Abidjan, le jeudi 13 mars 2025(ivoire.ci)-Le ministre de l’Intérieur et de la Sécurité Vagondo Diomandé a défendu le projet de loi portant ratification de l'ordonnance N 2014-368 du 12 juin 20024 relative à l'organisation de la société civile, le lundi 10 mars 2025, à l'assemblée nationale. Il a été adopté par la majorité des députés de la commission des affaires générales et institutionnelles (CAGI). Sur 27 élus présents, 17 voix pour et 10 contre. Mais cette ordonnance est dénoncée par des ONG et des confessions religieuses qui voient en cette loi une menace de la liberté d'expression et surtout une immixtion des pouvoirs publics dans leur fonctionnement.
Il a expliqué que cette ordonnance est "une avancée". " Cette loi qui vient abroger les dispositions de la loi 1960 relative aux associations pour notre pays est important dans le processus de modernisation de son cadre juridique et de son adaptation au contexte actuel », a-t-il soutenu.

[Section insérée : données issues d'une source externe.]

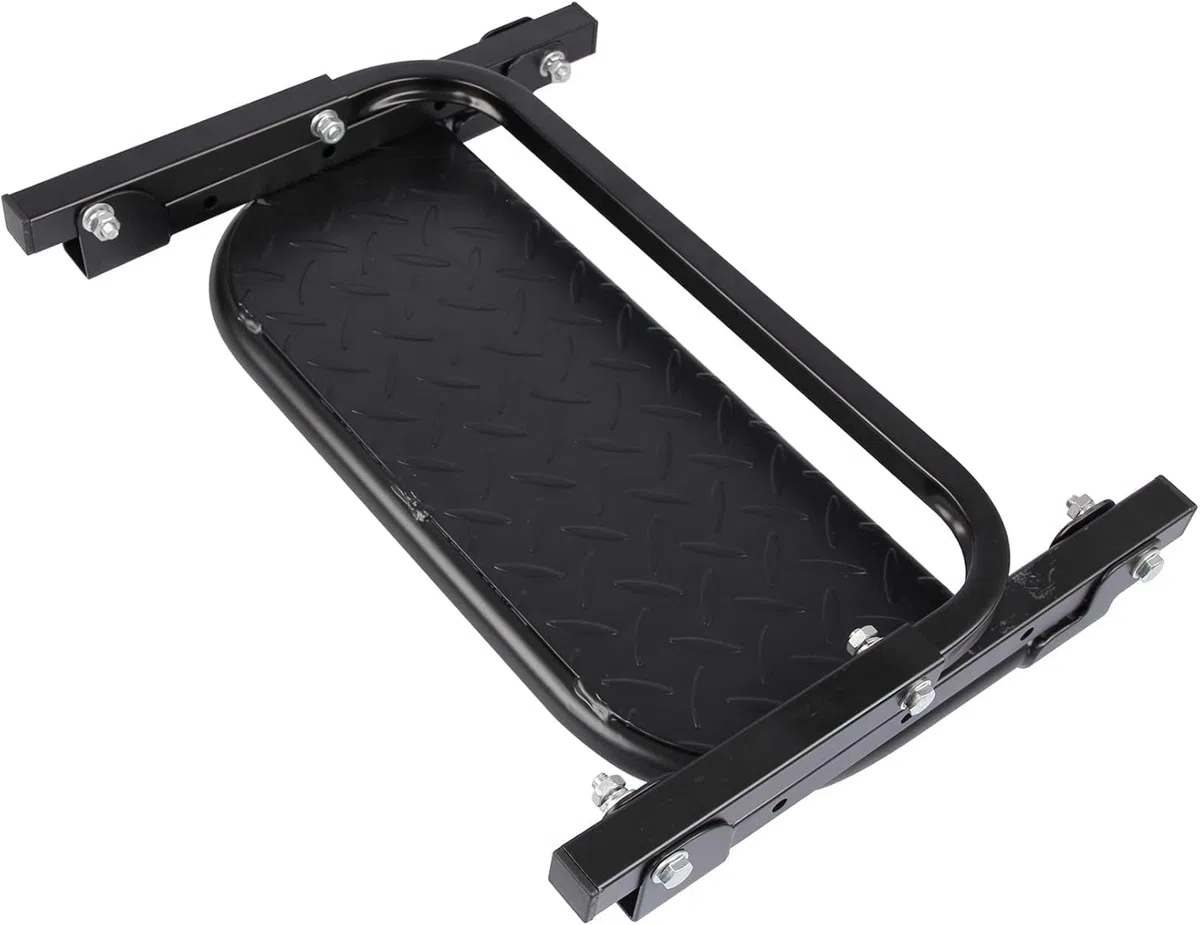 Klappbare, strapazierfähige Trittstufe für Lkw, SUV und Wohnmobile, verstellbare, am Reifen montierte Trittstufe, schwarz, für 13- bis 20-Zoll-Reifen, Tragkraft 330 lbs (für 13- bis 20-Zoll-Reifen)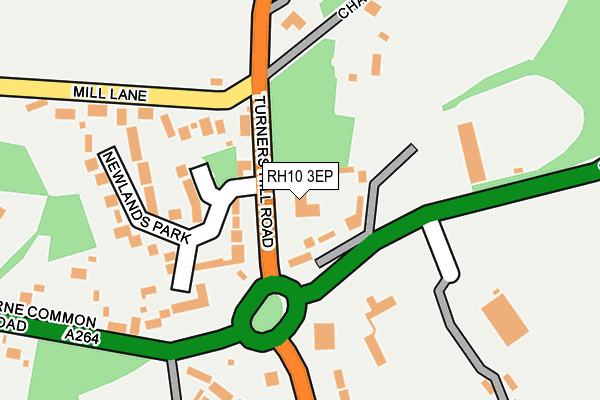RH10 3EP map - OS OpenMap – Local (Ordnance Survey)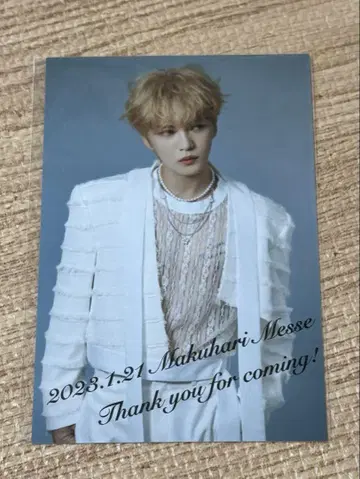 재중 JAEJOONG Fallinbow 특전회 사진 엽서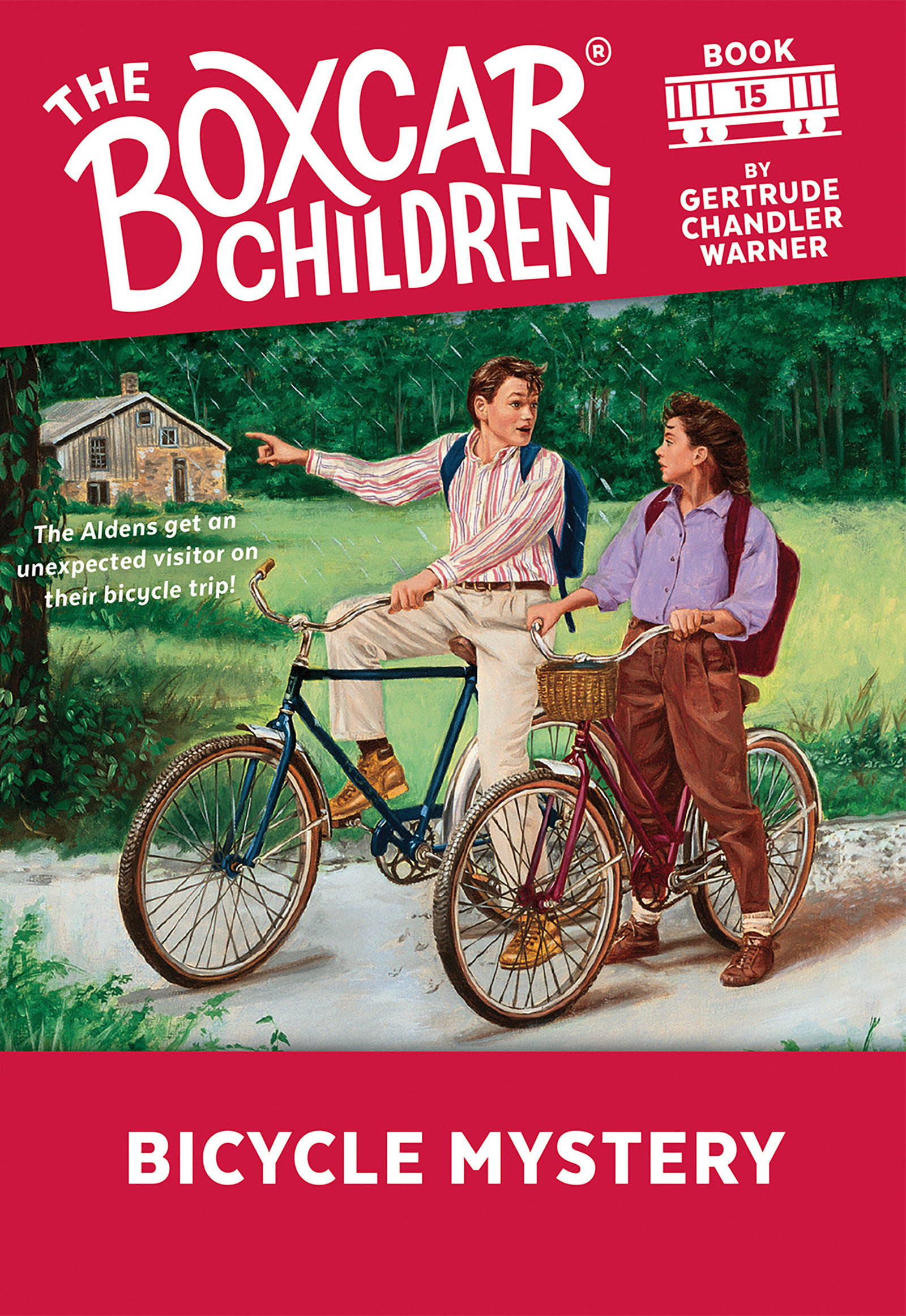 Imagen de portada para The Bicycle Mystery [electronic resource] : The Boxcar Children Mysteries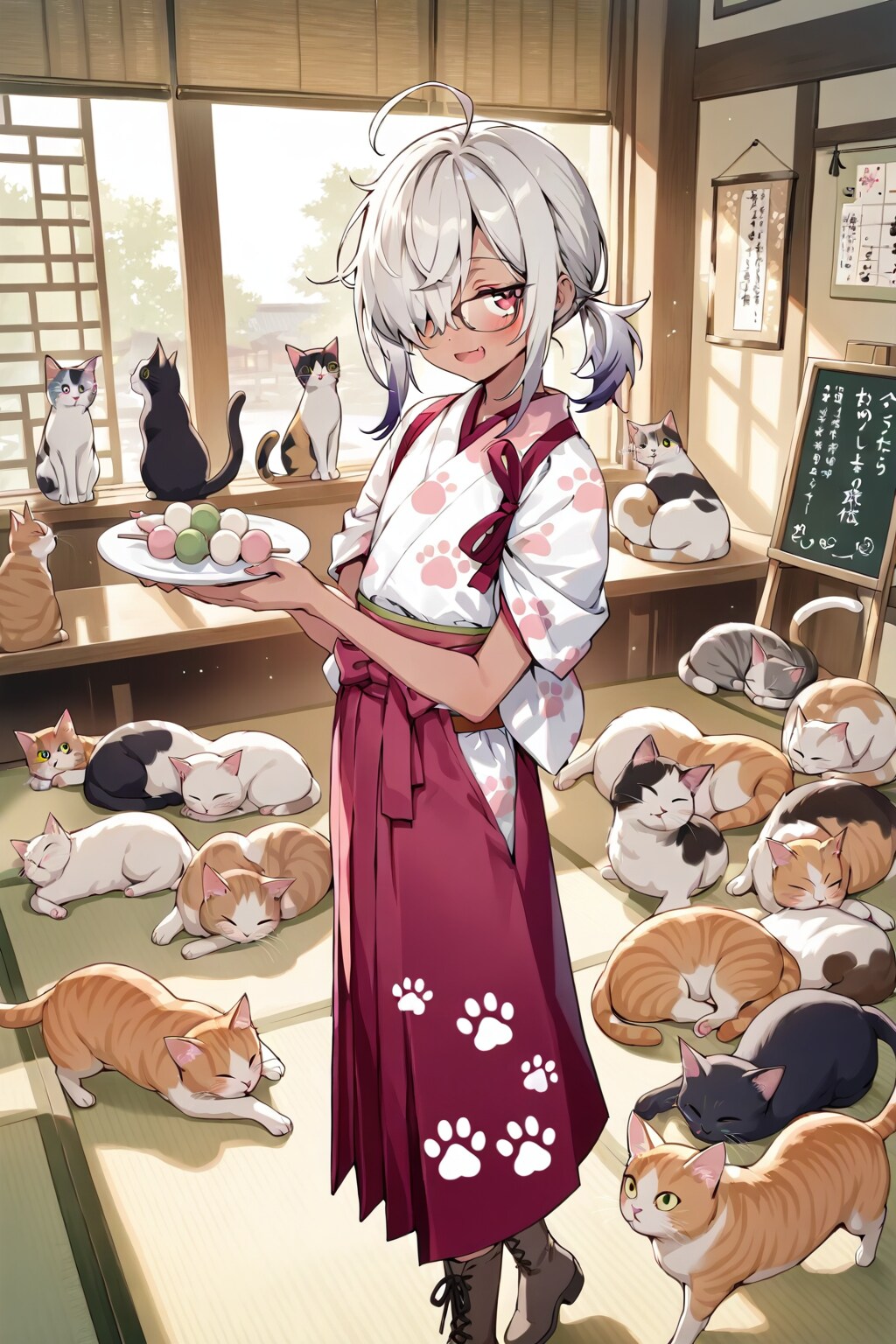 和風猫喫茶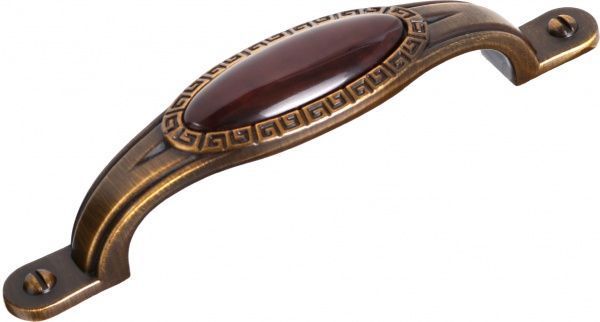 Мебельная ручка DF 65 G4A/13 96 мм античная бронза/коричневый DC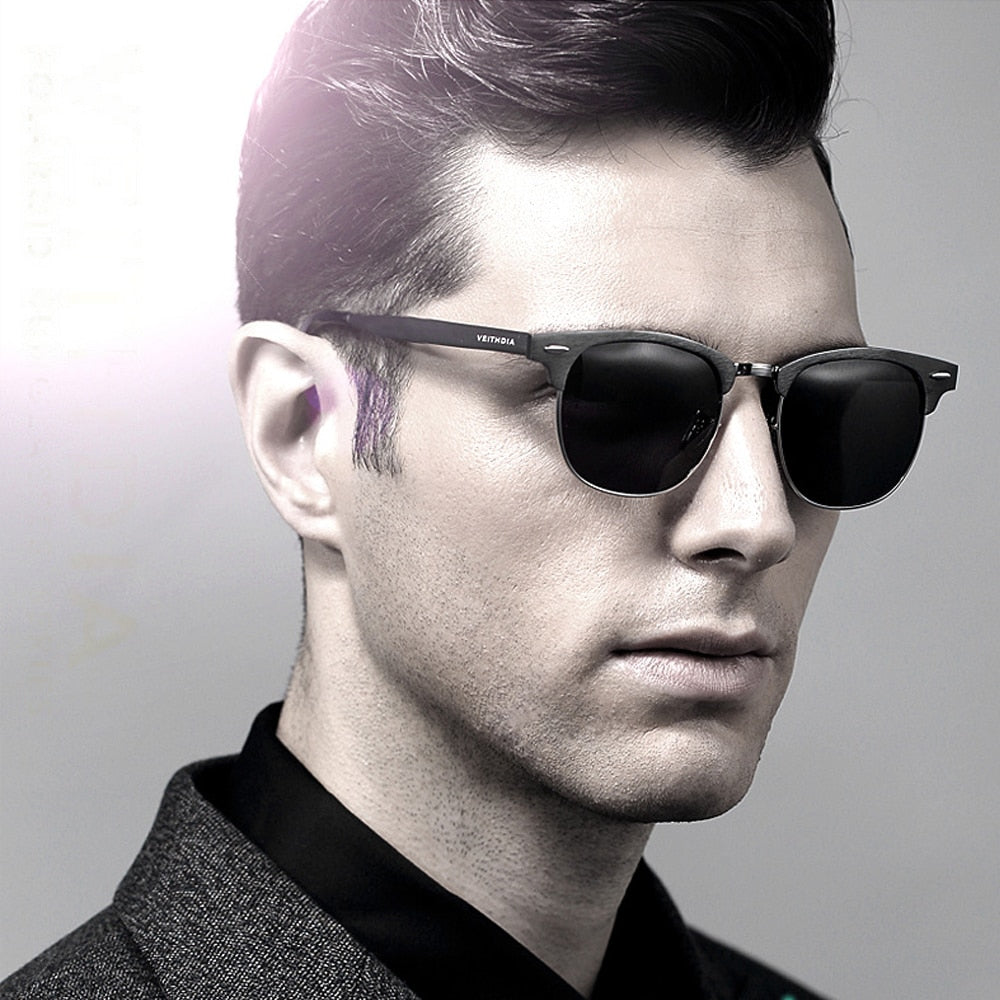 VEITHDIA Retro Sunglasses Unisex Aluminum UV400 Men Polarized Vintage Eyewear Outdoor Driving Women Sun Glasses For Male 6690 - KiwisLove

" Je me réjouis des débats enrichissants que nous avons eus qui témoignent de l'intérêt qu'accorde la représentation nationale à la promotion des libertés. Je voudrais adresser à nouveau ma gratitude aux députés pour leur grande contribution à la réalisation de l'ambition du président Ouattara de faire de la Côte d'Ivoire, un pays de paix de solidarité et de progrès », a insisté M. Diomandé.
C’est donc en application de cette loi votée par le Parlement que le président ivoirien a signé l’ordonnance n°2024-368 du 12 juin 2024 relative à l’organisation de la société civile qui participe de la mise en œuvre de son programme économique et social.
Motifs de cette ordonnance
Selon les pouvoirs publics, plusieurs motifs expliquent et justifient le recours à une ordonnance, à savoir le besoin de redynamiser les Organisations de la société civile (OSC) et la nécessité d’amplifier leur contribution au développement socio-économique de notre pays. Il y a également, selon les termes de l’ordonnance, les impératifs d’ordre sécuritaire et d’ordre public; les exigences de la lutte contre le blanchiment de capitaux et le financement du terrorisme. Sur le dernier aspect en matière de lutte contre le blanchiment de capitaux, le financement du terrorisme et la prolifération des armes de destruction massive (LBC/FT/FPM), la Côte d’Ivoire était tenue d’intégrer dans sa législation sur les OSC, des dispositions relatives à la lutte contre le LBC/FT/FPM, au titre des obligations à respecter par les Organisations à but non lucratif (OBNL). Mais pour améliorer la conformité technique de son dispositif de lutte LBC/FT, le pays devait soumettre le 2 septembre 2024 au Groupe d’Action Financière International (GAFI), son rapport de post-observation (POPR). Il fallait donc intégrer ladite ordonnance dans sa première soumission en juillet 2024, au titre des efforts du pays dans la lutte contre la LBC/FT. Le non-respect dans les temps de cette exigence aurait été extrêmement préjudiciable pour le pays.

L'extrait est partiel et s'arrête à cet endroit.